The people of Shepherdstown know when the Rams of Shepherd University are hosting a rival football team. Parking is at a premium, the shops on German Street are busier and the soundscape changes for a few hours from the hum of a historic town to the chaotic chorus of fans on campus.
But even before the teams take the field, the town’s population swells a bit from a group of people that have arrived early on game day for years, for a type of family reunion, a family not of blood, but of pride and camaraderie—the tailgaters.
Chris Walter’s roots run deep in the town along the Potomac River. His parents, Joe and Elizabeth are both Shepherd alumni as is he.

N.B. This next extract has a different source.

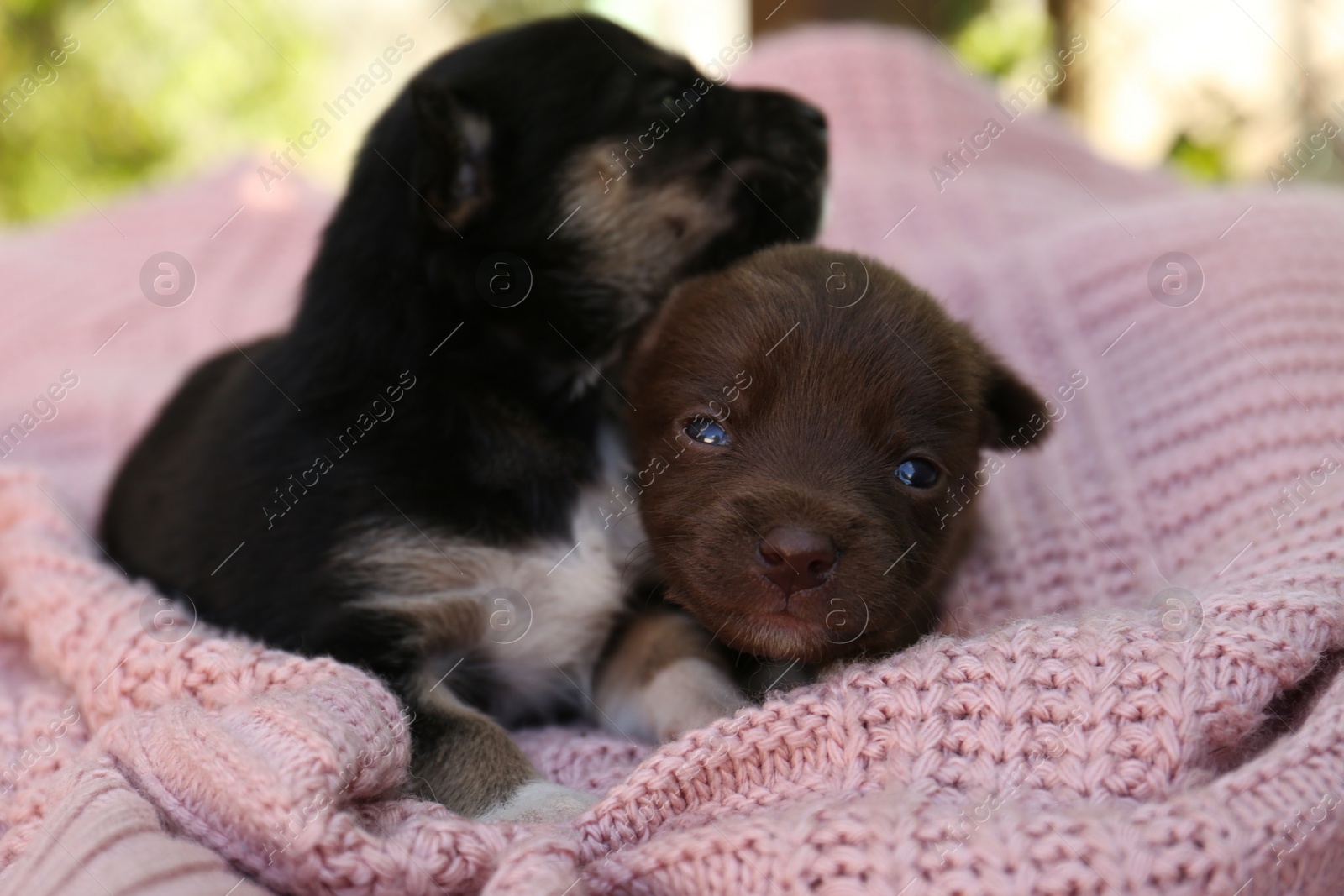 Photo of Cute puppies on pink knitted blanket, closeup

Walter has seen the changes on campus, the construction of the stadium, the razing of the old gymnasium for a new parking lot and the loss of what once was a unique place to watch the games.
Standing in the parking lot at half-time at a home game on Saturday, Walter poits toward an older house on a rise above the stadium. “That’s the Waldeck house,” he said. “They built bleachers up there and you could see pretty much the whole field.”
But, the pre-game activities have been the thread that connects his time as a youngster in Shepherdstown, his time as a Ram and now as he continues in education as a high school tennis coach and the principal of the Wright Denny Intermediate School in Charles Town.
“It’s the comradery, actually the culture of Shepherdstown,” he said. “Every game I see all these guys I grew up with. And everyone works as one to make it happen, the university and the town.”
There are rules to follow for the weekend visitors, and if everyone sees the visit as a time simply to enjoy the game and enjoy the tailgating, there are no problems, Walter said.
Barry Holmes, a Shepherdstown native, said the pre-game activities have also been a part of his life in town, even though he did not attend Shepherd.
Tailgating for Holmes and his friends started in a backyard near the field in the 1990s, then moved to a lot behind the library.
“I was going to make a donation to the school, but then they were letting people purchase a lot here in the parking area, so we did that,” he said, as his friends gathered in camp chairs and began digging into the variety of food on a nearby table. “Now, more than 17 years later, here we are.”
Those friends expect a good crowd to arrive for their family tradition of meeting in the parking lot. “We just make sure we have a ton of food,” Holmes said, as a friend came by to wish him a happy birthday.
“We’re always here, rain or snow,” he said. “We definitely won’t miss a Shepherd game. It would have to be something big for us not to be here.”
A few parking spaces away, Bart Zopp, and his wife, Alex, of Elkins, West Virginia, were setting up their tailgating site across several parking spaces that included multiple canopies and a large TV hooked up to a satellite feed—and a lot of food.
Their son, Jarrette, is a senior member of the Rams football team. But he’s injured and now contributes his efforts on the sidelines cheering on his teammates.
Zopp’s love of football was nurtured by his father, who was a football coach who named him after pro players Bart Starr and Johnny Unitas. He said his family is planning to return to their four parking places next year as well.
“This is our fun,” Zopp said, as friends gathered to check out another game on the TV and to fill their plates with food. He said he plans to keep tailgating even after Jarrette graduates.
“We’ve made a lot of friends and we’re not stopping now,” he said. “It’s like a family get-together, a Shepherd family.”
One of those friends is Tracy Robinson of Mathias, West Virginia, who stood nearby wearing a “Bride to Be” banner.
“They surprised me with a bachelorette party,” she said, smiling at her tailgate friends. “Oh, and tomorrow, I’ll be a Snyder.”
Her son, Ricky, is the roommate with Jarrette Zopp, and is also a Ram football player, which has drawn the two families even closer together.
“It’s been a huge blessing to me,” said Robinson. “We travel together to get here. This is a great atmosphere. I’m going to miss it a lot.”
Family is a word that the tailgaters use frequently and without hesitation. The common bond that brought the community together initially was obviously the football connection, but many of the people gathered spoke of their time together in the parking lot as much, or more, than what was happening on the nearby field.
Clarke Newton of Mount Airy, Maryland, the father of another Ram player, Mason Newton, was joined at a tailgate pre-game fete by Aaron Fabry, who coached Mason as a young player in the Pony League in their hometown.
“He was on two Super Bowl teams with the Bulldogs,” Fabry said proudly. His pride to still be a part of the Newton’s continued bond with the sport and each other was obvious. “This, the tailgating, is all about family, supporting the kids and good times.”